O Fome Zero era um projeto de “reforma estrutural do Estado”, diz ele, contrapondo ao Bolsa Família, que é “um programa para manter a dominação do governo sobre esse povo necessitado”. Logo, Patrus Ananias é figura central para a construção desse modelo lulista. É risível a defesa que ele, direitista sem nenhum verniz, faz do Fome Zero, como um “projeto muito mais voltado para a esquerda”. É uma miscelânea total, em que faz um apanhado de todas as críticas fáceis, à esquerda, à direita, o que vier eu traço, junta numa batedeira e tira uma gosma conceitual que não dá liga. Nem FHC e Serra ousam criticar o conceito por trás do Bolsa Família – pelo contrário, fazem questão de disputar sua paternidade.

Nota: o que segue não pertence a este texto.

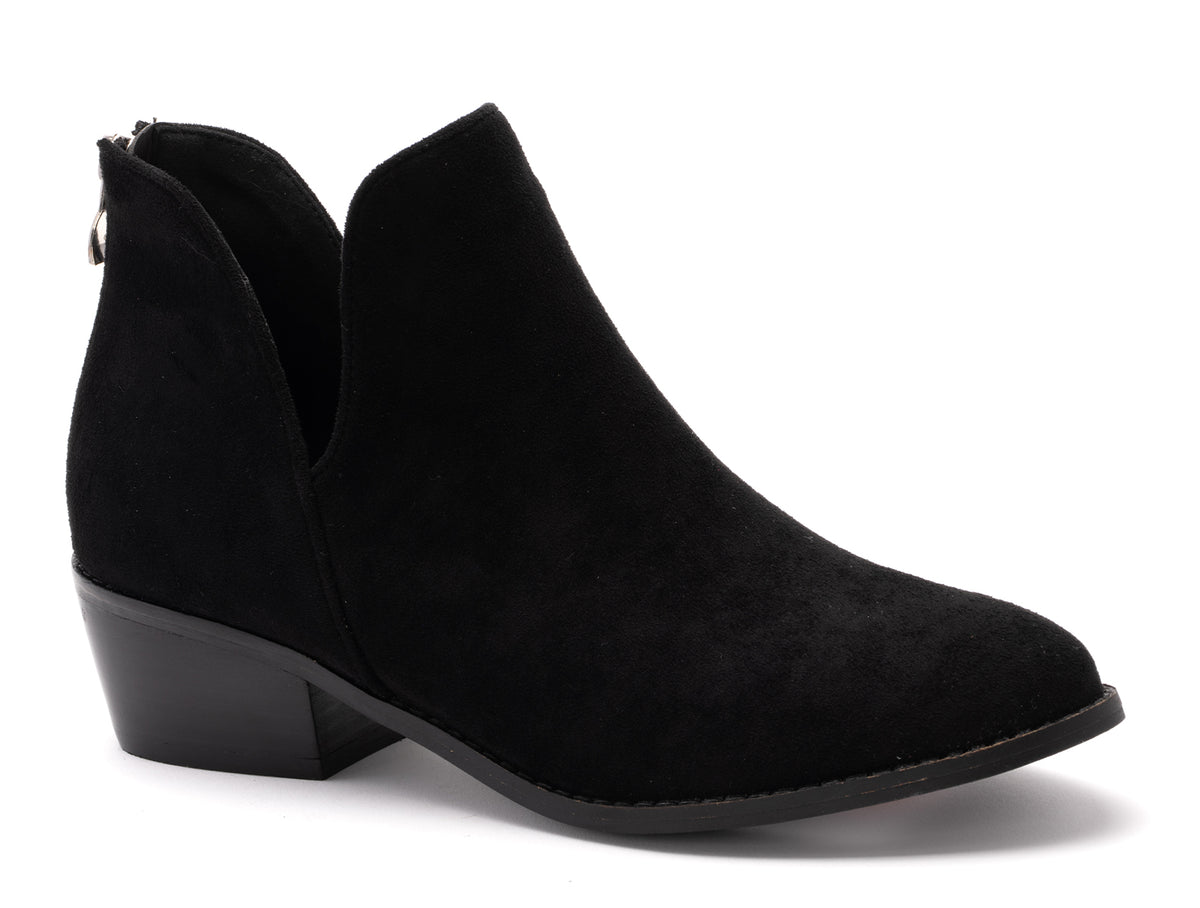 Vanish Black Suede • Bootie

Sua descrição sobre a recuperação de Lula pós-mensalão é de uma superficialidade de causar inveja a contadores de histórias infantis. Lula estava morto, aí o PSDB resolveu deixar sangrar, aí a coisa virou, aí Lula foi em frente, aí viu que tinha repaldo popular. É o máximo que consegue teorizar em cima de um fenômeno político – o da quase morte e ressurreição de Lula – que ainda intrigará por décadas historiadores e cientistas sociais.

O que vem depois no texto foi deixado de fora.